For several years I’ve chosen a word of the year to focus on. Last year I couldn’t make up my mind, so I chose three: authentic, action, and joyful. Towards the end of 2018, knowing this chance to pick new words to focus on was coming up again, I started writing down words that I was drawn to. I had a post-it note on my December calendar and when I’d run across another word I liked, I’d add it to my list. By the last week of the year I had several words to pick from – balance, peace, delight, nourish, healthy, grateful, blessed. I liked all of them. Any of them would have been a great word for me to laser in on. My life would be richer with any of those words magnified in my life.
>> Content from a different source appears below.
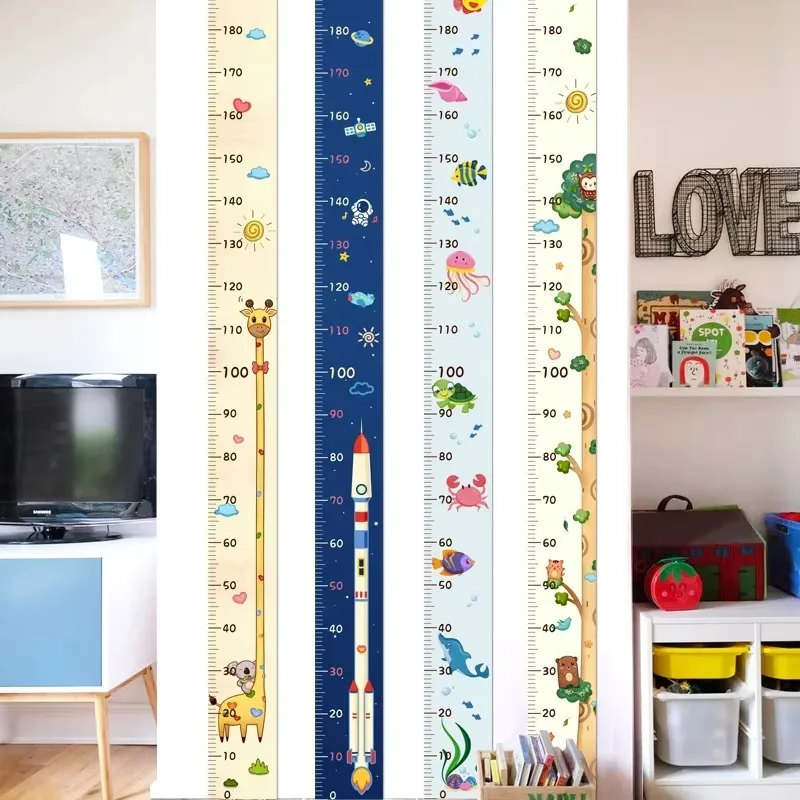 Pegatina  pared  medición  altura para bebé y niño, cinta métrica  altura para toda la pared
I couldn’t choose.

While driving between the stores I service in my day job, my mind usually wanders and drifts as I travel the familiar route. One day a phrase popped into my mind and I knew immediately that this was my 2019 focus.

Look for the good in every day.

Somehow I jumped from three words to seven. But I knew that I needed this whole phrase. I think I’m usually fairly optimistic – probably more so than many. But yet, I still see how I’m starting to fall back into patterns of grumblings and under the breath mutterings. Too much for my own peace of mind. So I need to regroup and notch up the positivity. Gratitude and thankfulness amplify positivity – as does seeing the good in every day.
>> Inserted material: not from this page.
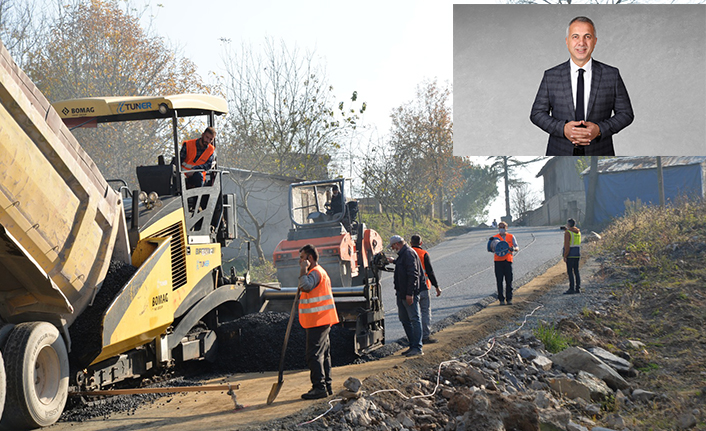 Pınarlı Yoluna Sıcak Asfalt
As an aside, I thought of making the phrase – find the good in every day. That’s only six words, instead of seven. But it didn’t feel as spot on for me as the words I initially thought of. To me, ‘find’ implies a more passive thought. It seems like it’s recognizing the good that is there, but only if I happen to run across it. To ‘look for’ feels more action oriented, something I have to actively search for with the intent of finding it.

With that thought in mind, I’m thankful that the hours this week are a little lighter than the past few weeks have been. That gave me the time – and the energy – to be home this afternoon to write this post. While the past few weeks were heavier in hours than usual, I’ll be thankful for the larger paycheck. I’m thankful for the health that’s carried me through a hectic holiday season and all the loved ones in my life that I was able to send Christmas packages to. And I’m doubly thankful for the past few days that have been close to 70-degrees. Now, that’s my kind of January winter day!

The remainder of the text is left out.